**Required work:**
An exact transcription of the entries is required, with no images included.

╭──

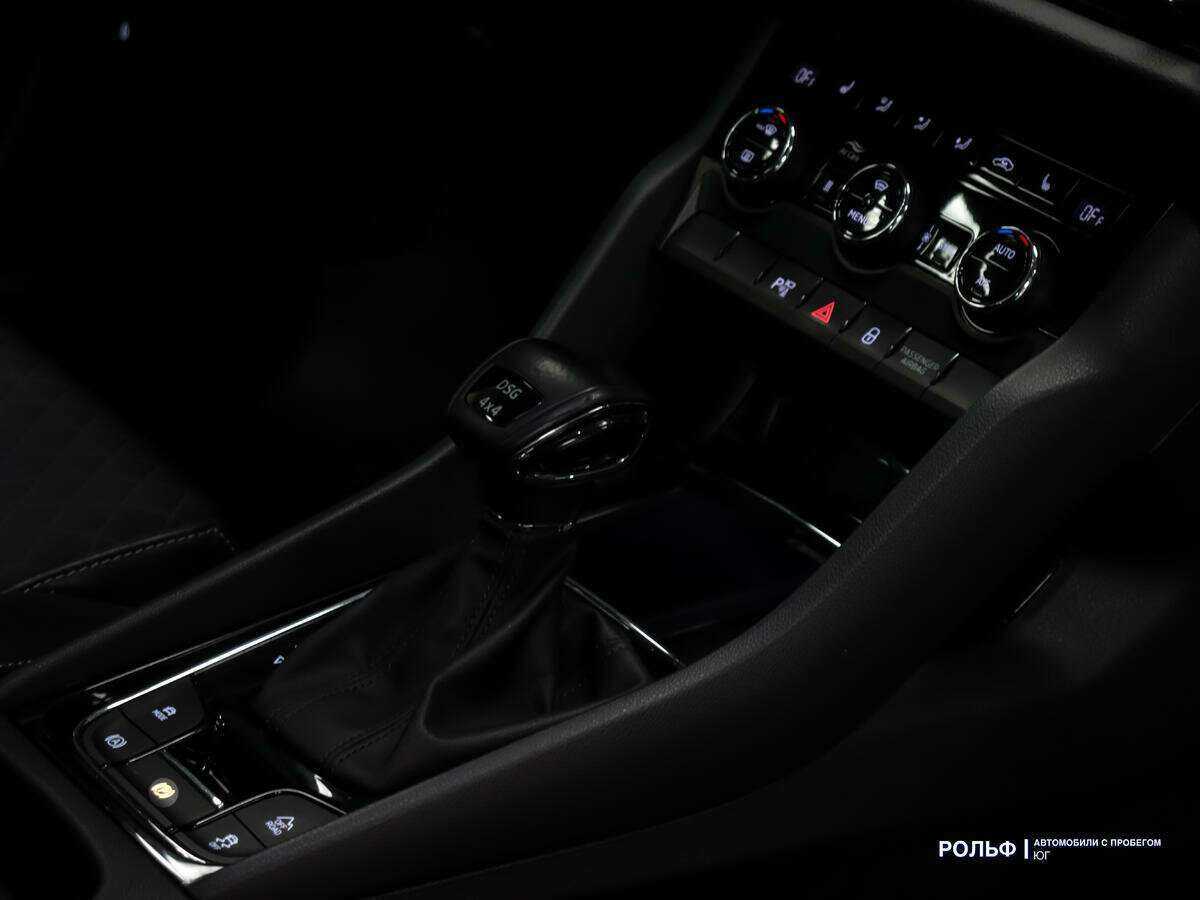 Купить Skoda Kodiaq с пробегом. Фото: #15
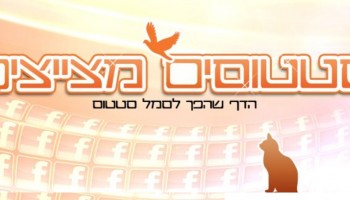 מלחמת הסטטוסים: ארז וולף נגד 'סטטוסים מצייצים'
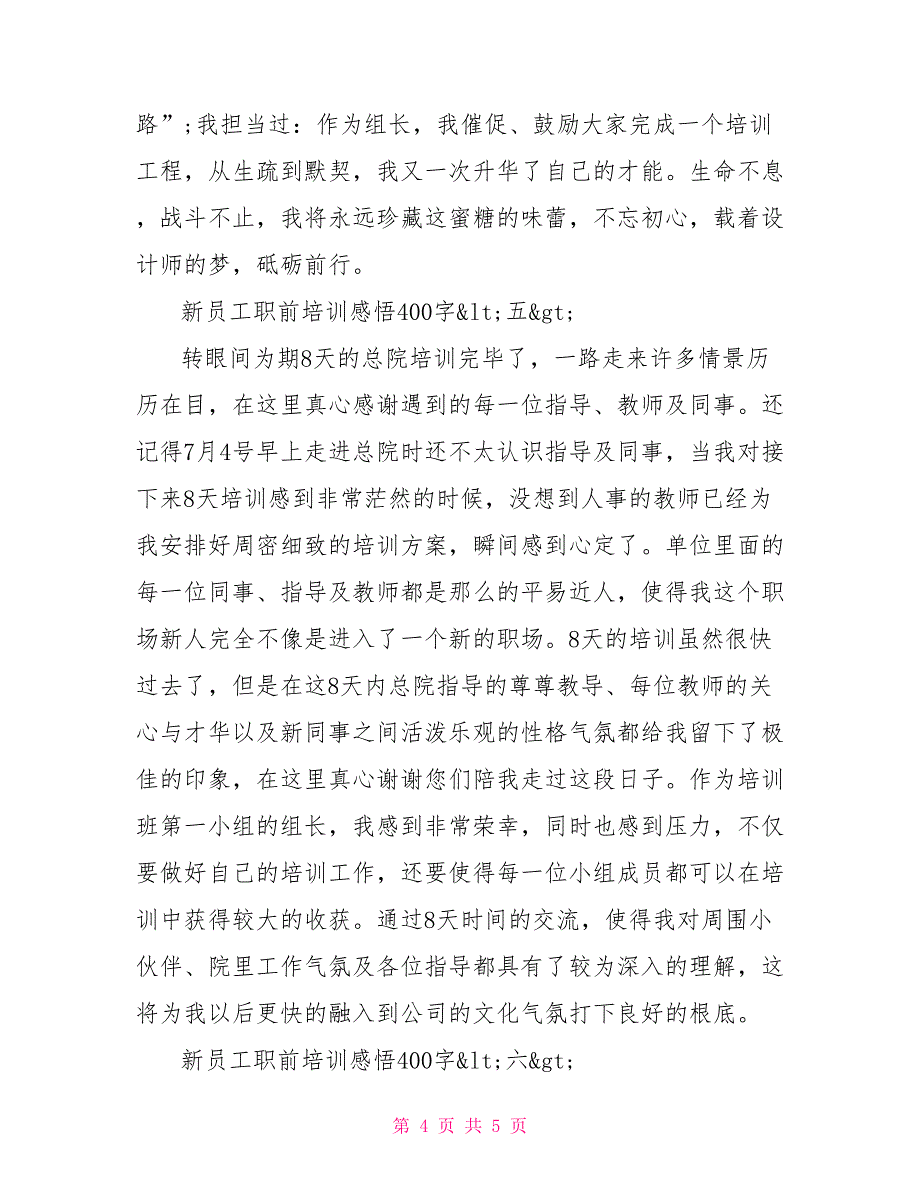 新员工培训收获和感悟400字六篇_第4页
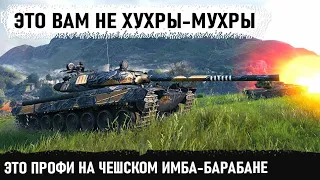 Профи на чешском мега-барабане vz 55! Вот на что способен этот игрок с 3 отметками на стволе в wot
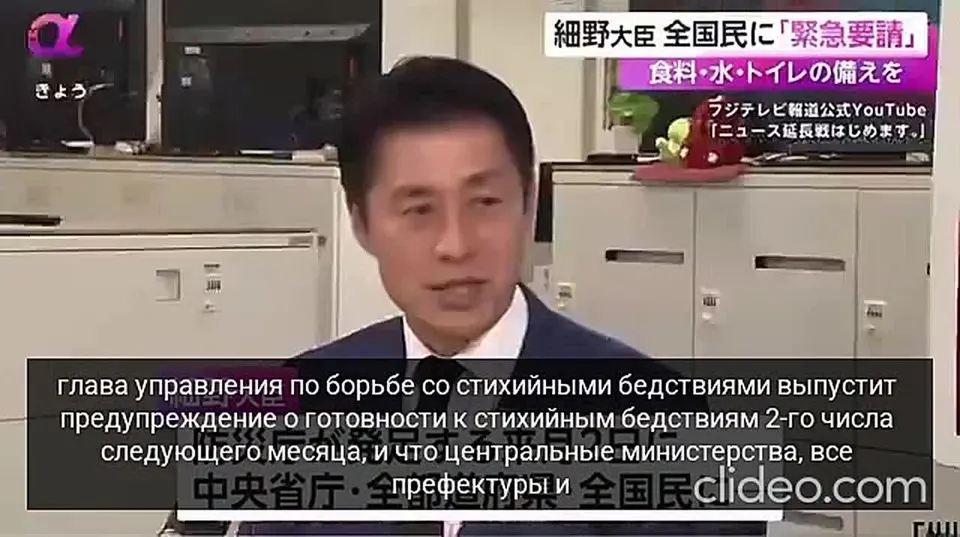 Обложка видео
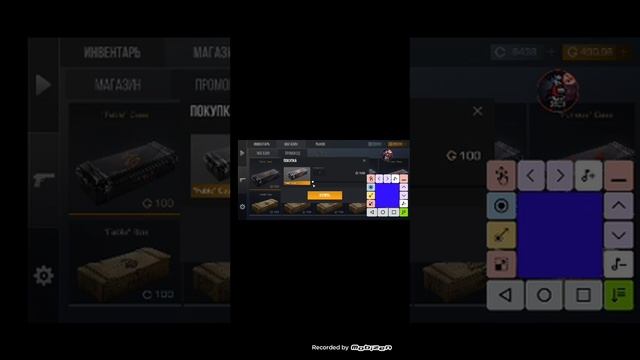 ?как зделат мышку на телефон смотреть онлайн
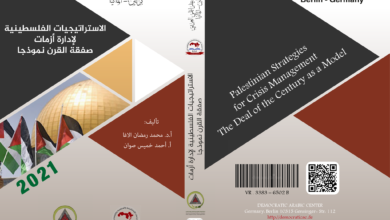 صفقة القرن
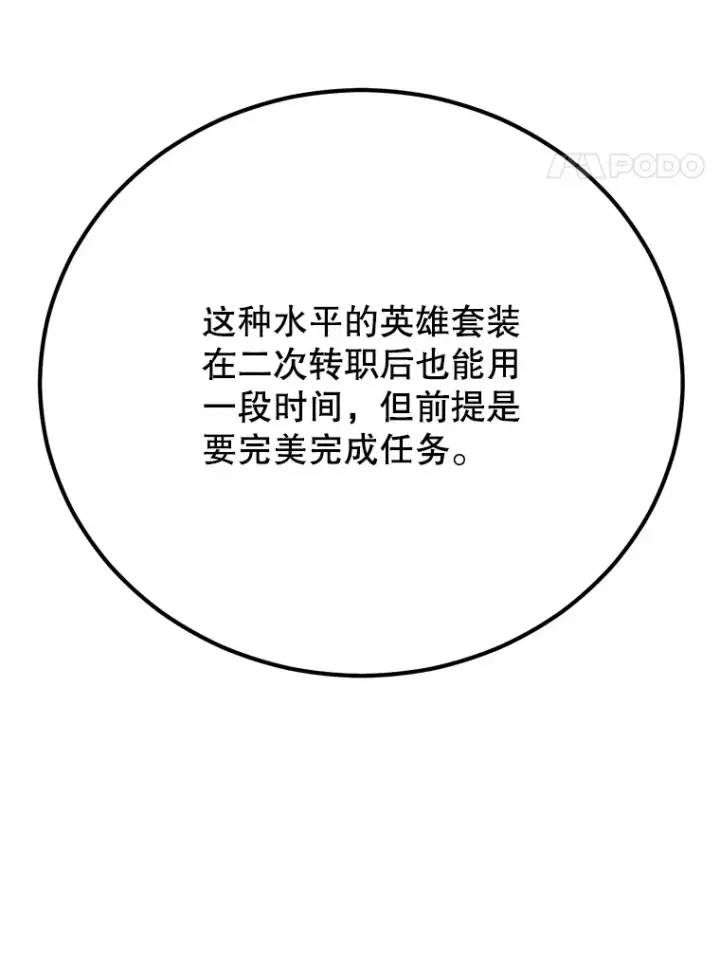 《10星级扭蛋玩家》55.哈琵溪谷图115
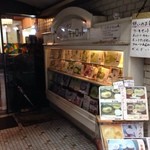 サン・キャロット - 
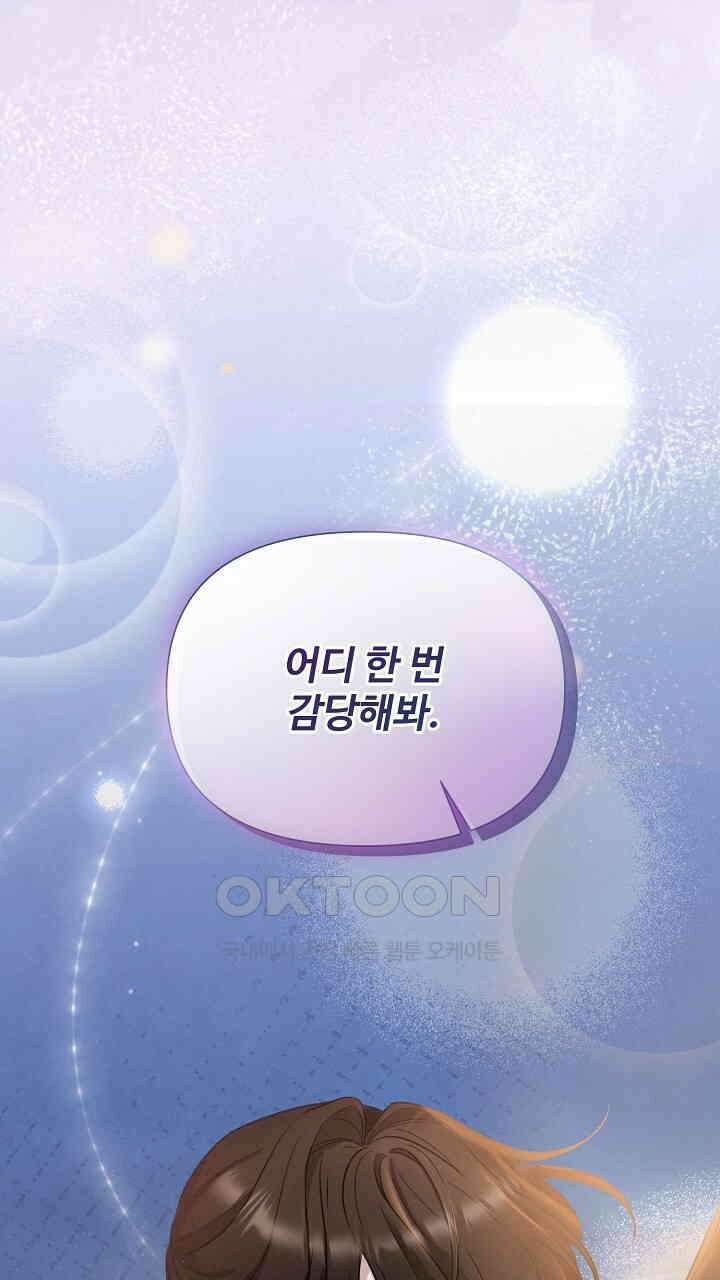 삼켜지는 밤 25화 5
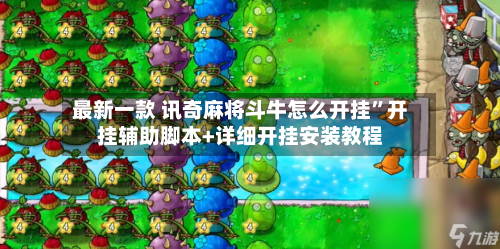 最新一款 讯奇麻将斗牛怎么开挂”开挂辅助脚本+详细开挂安装教程-第3张图片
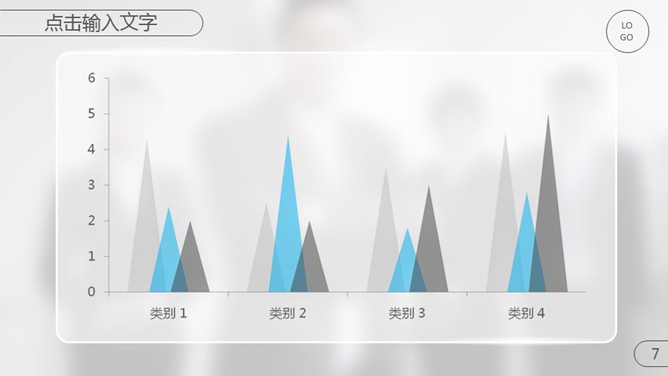 精美毛玻璃效果商务PPT模板_第6页PPT效果图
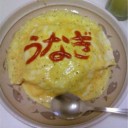 3月25日の日記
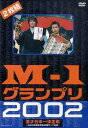 M-1グランプリ 2002 完全版 ～その激闘のすべて～ DVD / バラエティ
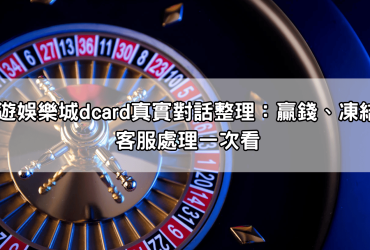 富遊娛樂城dcard真實對話整理：贏錢、凍結、客服處理一次看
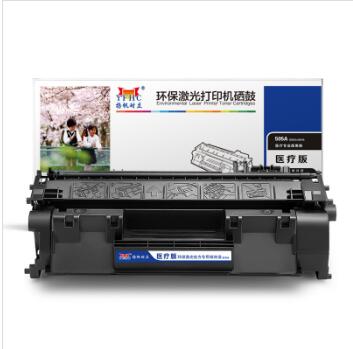 Product 20210104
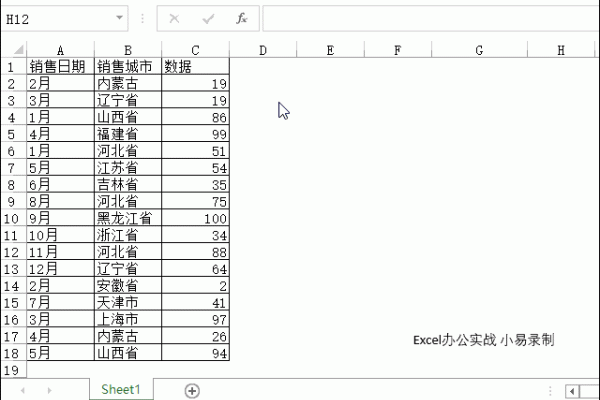 Excel中月份排序乱序怎么办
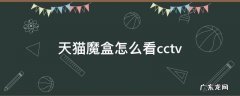 天猫魔盒怎么看cctv 天猫魔盒怎么看cctv1
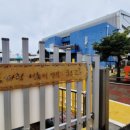 외도초등학교 이미지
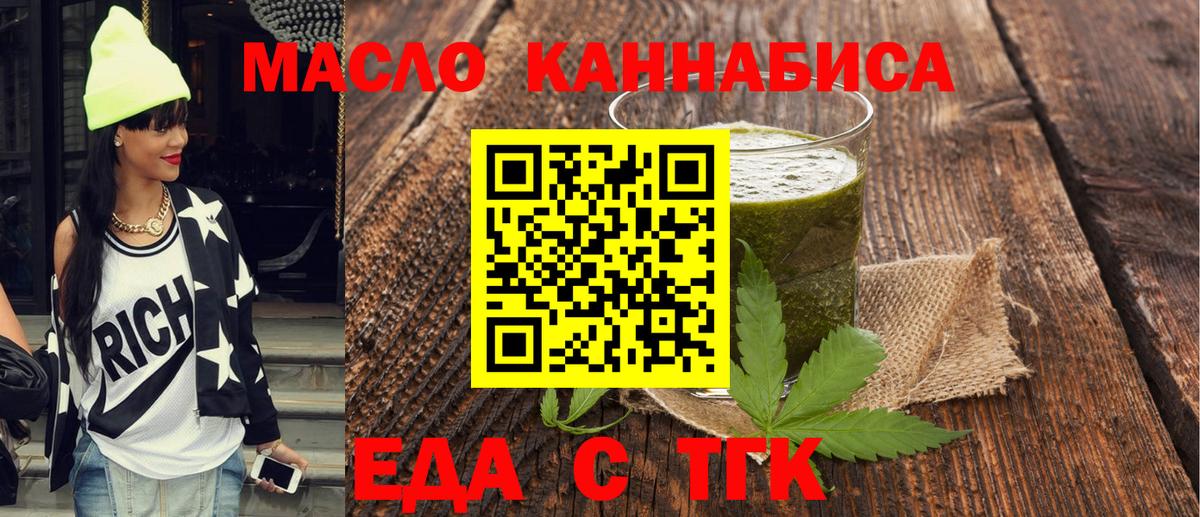 Canna-Cookies конопля  Вход с VPN  Урай 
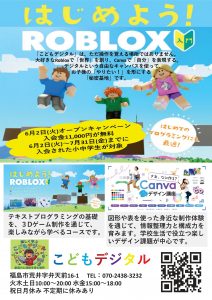 こどもデジタル オープンキャンペーン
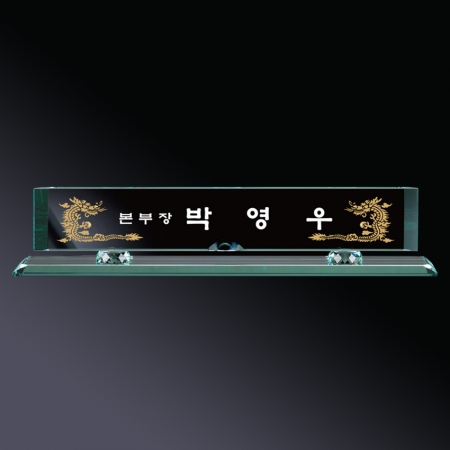 그린 크리스탈 명패 sq-st795-1 #3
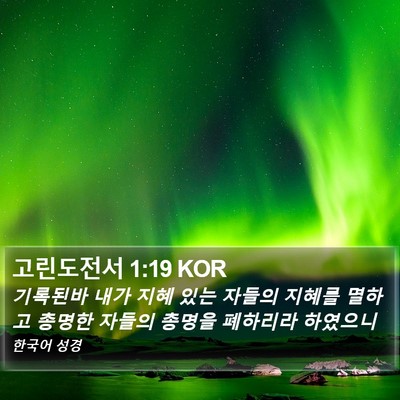 고린도전서 1:19 KOR Bible Verse Image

╰──

**Completed exercise:**
 Купить Skoda Kodiaq с пробегом. Фото: #15
 מלחמת הסטטוסים: ארז וולף נגד 'סטטוסים מצייצים'
 新员工培训收获和感悟400字六篇_第4页
 Профи на чешском мега-барабане vz 55! Вот на что способен этот игрок с 3 отметками на стволе в wot
 Обложка видео
 ?как зделат мышку на телефон смотреть онлайн
 صفقة القرن
 《10星级扭蛋玩家》55.哈琵溪谷图115
 サン・キャロット - 
 삼켜지는 밤 25화 5
 最新一款 讯奇麻将斗牛怎么开挂”开挂辅助脚本+详细开挂安装教程-第3张图片
 精美毛玻璃效果商务PPT模板_第6页PPT效果图
 3月25日の日記
 M-1グランプリ 2002 完全版 ～その激闘のすべて～ DVD / バラエティ
 富遊娛樂城dcard真實對話整理：贏錢、凍結、客服處理一次看
 Product 20210104
 Excel中月份排序乱序怎么办
 天猫魔盒怎么看cctv 天猫魔盒怎么看cctv1
 외도초등학교 이미지
 Canna-Cookies конопля  Вход с VPN  Урай 
 こどもデジタル オープンキャンペーン
 그린 크리스탈 명패 sq-st795-1 #3
 고린도전서 1:19 KOR Bible Verse Image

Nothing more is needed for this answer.